Hordes of investors are bailing out of American Express (AXP): Its stock has cratered from a 52-week high of 63.63 on Oct. 11, 2007, to 38 on Sept. 5. Some of the major institutions, such as Fidelity Management, Capital Research Global, and Oppenheimer Funds (OPY), have unloaded huge amounts of stock. But here's one piece of advice: Don't follow the crowd rushing for the exits. Go the opposite way and grab the opportunity to buy shares of the credit-card behemoth at its current heavily discounted price.
AmEx is a vivid example of how a highflier can plunge no matter how fine a company it is. But that's how the market creates tempting opportunities. In AmEx's case, the company became partly responsible for its own market woes when CEO Kenneth Chenault frankly warned analysts in early August that the slowing economy, high energy costs, and wealth shrinkage due to the housing meltdown indicated tough times ahead.

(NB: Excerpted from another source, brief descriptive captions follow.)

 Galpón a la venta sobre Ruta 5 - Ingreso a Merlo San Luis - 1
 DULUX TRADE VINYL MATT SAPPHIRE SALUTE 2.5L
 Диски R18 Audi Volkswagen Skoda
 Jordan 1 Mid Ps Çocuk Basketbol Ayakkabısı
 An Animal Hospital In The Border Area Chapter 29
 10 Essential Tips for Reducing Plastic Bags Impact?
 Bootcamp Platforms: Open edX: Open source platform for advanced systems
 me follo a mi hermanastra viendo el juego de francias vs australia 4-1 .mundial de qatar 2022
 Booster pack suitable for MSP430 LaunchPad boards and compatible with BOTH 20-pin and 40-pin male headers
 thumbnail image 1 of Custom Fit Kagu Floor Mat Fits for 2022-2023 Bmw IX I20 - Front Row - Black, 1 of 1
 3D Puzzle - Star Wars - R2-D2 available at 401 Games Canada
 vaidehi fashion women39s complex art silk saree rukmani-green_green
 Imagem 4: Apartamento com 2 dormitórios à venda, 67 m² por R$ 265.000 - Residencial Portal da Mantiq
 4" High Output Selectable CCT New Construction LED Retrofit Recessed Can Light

That prompted analysts to downgrade the stock. Of the 19 who follow AmEx, three quickly changed their recommendation to sell and 10 to neutral. But not everyone went negative: Six analysts have kept their buy rating, with 12-month price targets ranging from 40 to 55.
Sanguine bullsHere's a sampling of what those with a cautious outlook have to say. "The wide-ranging effects of the housing downturn are highlighted by the worsening of U.S. Cards' [an AmEx division] credit quality," said Meredth Whitney of Oppenheimer in a note to clients. As a result, she says, AmEx's affluent customers "have seen credit deterioration beyond expectations." She rates AmEx "perform," which is equivalent to staying neutral on the stock. Also cautious is Kenneth Bruce, an analyst at Merrill Lynch (MER) who has done banking for AmEx. He rates the stock underperform and warned clients that it hasn't yet fully reflected these problems.